A dramatic new chapter in one of the nation's thorniest labor disputes was written this week when the International Longshoremen's Association regained the exclusive right to pack shipping containers within 50 miles of East and Gulf coast ports.
Work rules requiring that containers packed within 50 miles of the ports be packed by ILA members, or emptied and repacked by ILA members if packed by anyone else, took effect Monday after Chief Justice Warren Burger denied a weekend request for a stay filed by the American Trucking Associations.
Reinstatement of the rules after a two-year suspension was a major victory for the ILA over independent freight "consolidators" who assemble cargo at warehouses near the ports to be packed at lower cost by members of the Teamsters Union or by nonunion workers.
The National Labor Relations Board ruled on Feb. 28 that the work rules, which are contained in the master agreement between the longshoremen and the stevedores, are legal and could go back into effect.
But the battle--which has been going on almost since the advent of containerized freight in the l950s--is far from over:
* The freight consolidators, known as Non-Vessel-Operating Common Carriers, or NVOCCs, already have appealed the NLRB ruling to the federal appeals court in Richmond.

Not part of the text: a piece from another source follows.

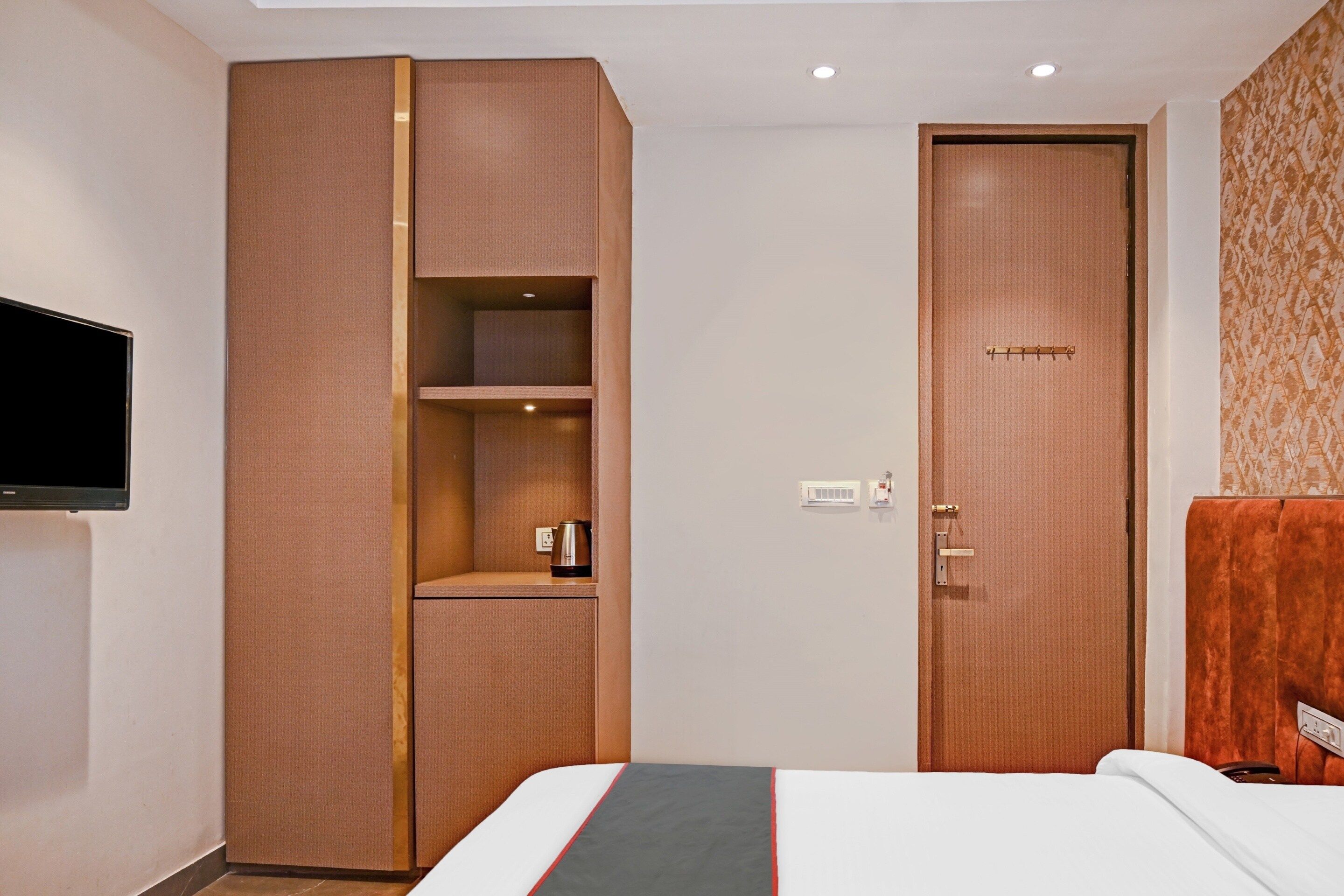 A hotel room with a bed, a wardrobe, a television, and a door.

* The Federal Maritime Commission is conducting its own inquiry to determine if the rules violate the 1916 Shipping Act by discriminating against one class of shipper.
* Congress is considering legislation to strip the FMC of its jurisdiction.
Shipping experts estimated that up to 20 percent of all the containerized freight moving through ports on the East and Gulf coasts is affected by the work rules. They said that the ILA could gain more than 1,000 jobs in the Port of New York alone because of the change.
Raymond deMember, attorney for the National Association of NVOCCs, said that the economic impact of the rules is "hard to quantify," but that it would be "devastating" to the consolidators. He said shippers are threatening to divert freight to Canadian ports "rather than let the ILA handle it. They don't want the cargo loaded on the piers because of delays, damage and pilferage."
The key to the long dispute is the corrugated steel container in which most general cargo now is shipped. The container can be packed at a factory or warehouse, shipped by truck or rail to a port and loaded intact onto a cargo vessel.
Under the ILA's contract with the stevedores, containers filled to capacity at factory or warehouse, or small cargoes assembled into container-size lots and packed by consolidators more than 50 miles from a port, may be packed by non-ILA members, but a fee of $3 a gross ton is paid to the union when these containers are loaded aboard ship.
The 50-mile rule was forced on the shipping agents by the ILA as a job-saving measure. Without it, shippers of lots that are too small to fill a container could send their cargo to consolidators, who would put together enough to fill a container and then send the container to the pier, cutting the ILA out of that work.
According to David Siolkawski, assistant director of national port affairs for the Port of Baltimore, "What an NVOCC working here would do was contact an inland shipper and say, 'I'm off the piers, in the Inner Harbor or somewhere, so I can save you money. I'll pack and stuff the container for less labor charges.' Now they can't do that."